Been doing business with her and her husband a long time. Used to sit in there and talk dogs for hours with Bernie before he passed away. Things change.


----------



## Mike Lauer (Jul 26, 2009)

capitalism at work.
They don't provide the service you want to go somewhere that will.
No reason for you to feel guilty.

Its your way of voting. The American way.
Hopefully they are smart enough to figure it out, but most aren't.


----------



## Ashley Campbell (Jun 21, 2009)

Looks like it's my turn to have a trying day!
Woke up at 1 this morning to something, not sure what woke me up. Wandered downstairs and as soon as I hit the floor, ankle deep water. 
Hot water heater did something, over-pressurized - relief valve works but since landlord didn't put a drain hose on it, it "relieved" itself all over my basement - I had to empty out a trash can and finish relieving the pressure that way - not cool. My computer, big screen TV, etc is all down in the basement - nothing ruined. Spent the night sucking up the water with a carpet shampooer since I don't have a shop vac. This is the 3rd time this basement has flooded out - at least it wasn't sewage this time.
Got a text around 6 AM (I got a total of 3 hours of sleep so far today) and it was full of bad news and irritating shit.

I'm not feeling very patient anymore.


----------



## Don Turnipseed (Oct 8, 2006)

Just got back from Fresno. Picked up 200 lbs of the Kirkland Super Premium to try it out. It is a better food than available at the feed store and is $.11 cents a bag cheaper. Didn't really study the label on it but it has 16% fat rather than 10% which should mean less food consumed in this cold weather. I will watch and see if the consumption rate is enough different to equate to less bag/bags in a mo. It is bagged in a nicer bag anyway....make a better looking trash bag sitting by the door.


----------



## maggie fraser (May 30, 2008)

Don Turnipseed said:


> Just got back from Fresno. Picked up 200 lbs of the Kirkland Super Premium to try it out. It is a better food than available at the feed store and is $.11 cents a bag cheaper. Didn't really study the label on it but it has 16% fat rather than 10% which should mean less food consumed in this cold weather. I will watch and see if the consumption rate is enough different to equate to less bag/bags in a mo. It is bagged in a nicer bag anyway....make a better looking trash bag sitting by the door.


 
I was going to add, you lot don't know what a trying day is until I saw this post about the nice bag!


----------



## Ashley Campbell (Jun 21, 2009)

Don Turnipseed said:


> Just got back from Fresno. Picked up 200 lbs of the Kirkland Super Premium to try it out. It is a better food than available at the feed store and is $.11 cents a bag cheaper. Didn't really study the label on it but it has 16% fat rather than 10% which should mean less food consumed in this cold weather. I will watch and see if the consumption rate is enough different to equate to less bag/bags in a mo. It is bagged in a nicer bag anyway....make a better looking trash bag sitting by the door.

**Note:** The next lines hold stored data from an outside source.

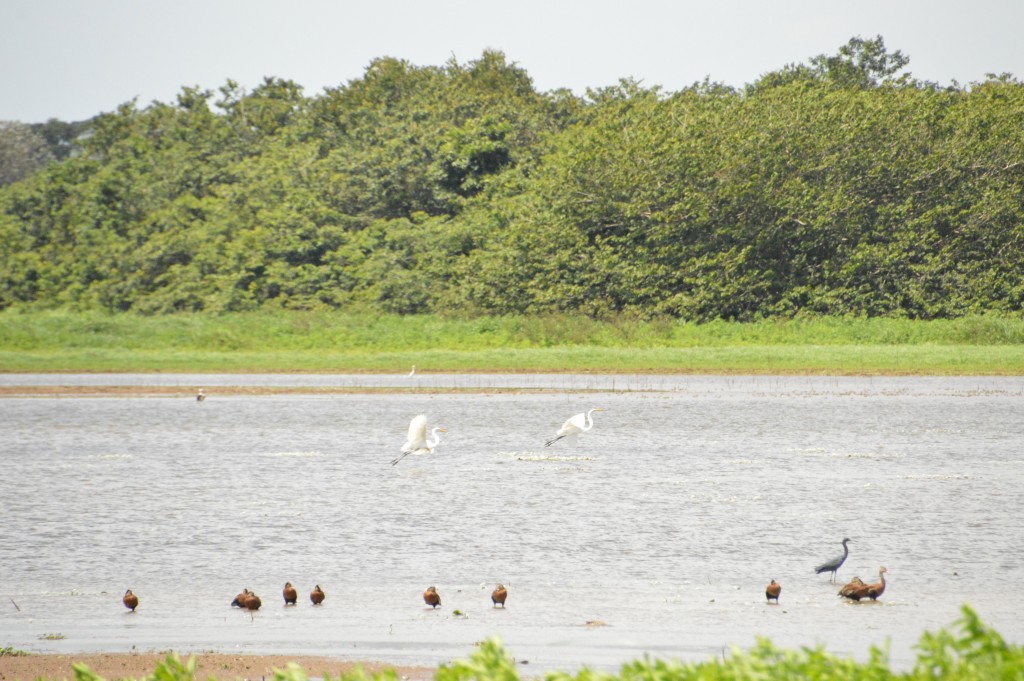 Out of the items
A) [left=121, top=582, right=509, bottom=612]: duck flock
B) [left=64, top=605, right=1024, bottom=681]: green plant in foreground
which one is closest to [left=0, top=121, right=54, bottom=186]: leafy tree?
[left=121, top=582, right=509, bottom=612]: duck flock

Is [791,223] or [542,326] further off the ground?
[791,223]

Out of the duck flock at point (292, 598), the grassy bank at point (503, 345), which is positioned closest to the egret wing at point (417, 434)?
the duck flock at point (292, 598)

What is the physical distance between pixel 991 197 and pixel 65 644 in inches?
1824

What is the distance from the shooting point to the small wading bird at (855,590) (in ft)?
41.7

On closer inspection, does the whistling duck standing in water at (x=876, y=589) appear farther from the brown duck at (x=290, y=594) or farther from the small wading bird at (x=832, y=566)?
the brown duck at (x=290, y=594)

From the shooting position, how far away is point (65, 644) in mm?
11562

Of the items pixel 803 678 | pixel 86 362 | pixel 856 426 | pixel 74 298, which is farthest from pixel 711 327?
pixel 803 678

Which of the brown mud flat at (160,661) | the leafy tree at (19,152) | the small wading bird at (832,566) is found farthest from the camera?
the leafy tree at (19,152)

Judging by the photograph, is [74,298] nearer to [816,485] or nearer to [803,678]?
[816,485]

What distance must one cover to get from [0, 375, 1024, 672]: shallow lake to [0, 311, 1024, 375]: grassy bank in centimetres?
832

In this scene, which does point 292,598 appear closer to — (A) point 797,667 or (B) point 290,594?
(B) point 290,594

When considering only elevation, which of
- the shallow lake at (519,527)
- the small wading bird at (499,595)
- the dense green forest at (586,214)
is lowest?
the shallow lake at (519,527)

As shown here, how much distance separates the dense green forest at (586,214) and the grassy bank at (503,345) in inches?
138

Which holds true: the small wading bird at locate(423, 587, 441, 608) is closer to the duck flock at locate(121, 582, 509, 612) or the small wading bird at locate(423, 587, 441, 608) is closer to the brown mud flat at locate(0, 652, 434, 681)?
the duck flock at locate(121, 582, 509, 612) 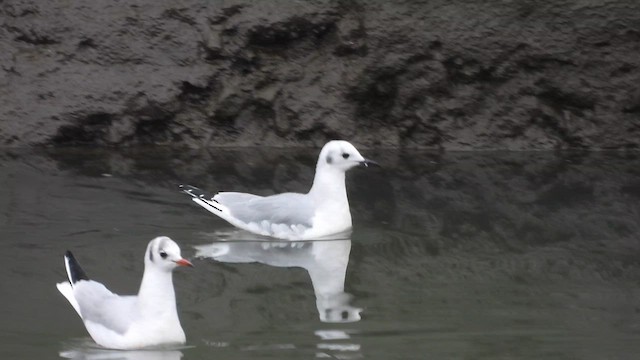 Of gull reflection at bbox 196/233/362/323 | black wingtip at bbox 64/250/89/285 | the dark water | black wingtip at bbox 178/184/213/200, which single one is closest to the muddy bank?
the dark water

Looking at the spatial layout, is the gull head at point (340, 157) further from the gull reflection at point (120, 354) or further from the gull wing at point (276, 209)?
the gull reflection at point (120, 354)

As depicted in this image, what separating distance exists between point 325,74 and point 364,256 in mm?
4070

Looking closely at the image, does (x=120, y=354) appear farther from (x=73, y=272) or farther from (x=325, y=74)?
(x=325, y=74)

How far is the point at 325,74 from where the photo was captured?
12.7m

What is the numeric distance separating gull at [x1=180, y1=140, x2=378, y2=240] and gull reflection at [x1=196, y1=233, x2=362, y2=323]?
9 centimetres

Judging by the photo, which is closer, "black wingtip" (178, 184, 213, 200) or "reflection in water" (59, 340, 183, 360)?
"reflection in water" (59, 340, 183, 360)

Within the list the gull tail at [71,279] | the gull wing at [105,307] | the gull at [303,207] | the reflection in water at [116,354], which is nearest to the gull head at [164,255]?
the gull wing at [105,307]

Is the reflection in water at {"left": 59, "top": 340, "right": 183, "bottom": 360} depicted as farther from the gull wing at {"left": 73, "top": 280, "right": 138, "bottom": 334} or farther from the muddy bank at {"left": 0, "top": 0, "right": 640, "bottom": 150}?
the muddy bank at {"left": 0, "top": 0, "right": 640, "bottom": 150}

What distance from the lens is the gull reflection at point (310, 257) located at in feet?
26.4

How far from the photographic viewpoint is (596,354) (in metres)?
6.79

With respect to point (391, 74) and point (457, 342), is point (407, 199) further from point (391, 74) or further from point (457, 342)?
point (457, 342)

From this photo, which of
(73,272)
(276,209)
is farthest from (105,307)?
(276,209)

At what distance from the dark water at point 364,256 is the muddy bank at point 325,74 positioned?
401 mm

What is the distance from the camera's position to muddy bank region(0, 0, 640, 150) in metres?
12.5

Granted, my dog spends a lot of time inside, where it's warm, but I feed quite a bit less than recommended of the Kirkland (chicken in the purple bag).
Fat dog gets 2 cups a day - doesn't seem like a lot but she is obese right now, approximately 10 lbs over where she should be, and isn't losing it. I've cut out all other food and she hasn't lost any either so it seems to be maintaining her at about half the reccommended feeding amount.


----------



## Jeff Oehlsen (Apr 7, 2006)

Ashley, you seemed to have spent a lot of time relieving pressure today.


----------



## Ashley Campbell (Jun 21, 2009)

I'm trying 
Nothing better to do since I got to clean my entire basement out in the middle of the night - no chores left to do!


----------



## Jeff Oehlsen (Apr 7, 2006)

I had a different answer typed up. Gotta quit before David goes on a rampage. LOL


----------



## Ashley Campbell (Jun 21, 2009)

I bet you do! I'm just over-tired and goofy at this point, and waiting the kids out so they crash and I can do the same thing.


----------



## ann schnerre (Aug 24, 2006)

Ashley Campbell said:


> I'm trying
> Nothing better to do since I got to clean my entire basement out in the middle of the night - no chores left to do!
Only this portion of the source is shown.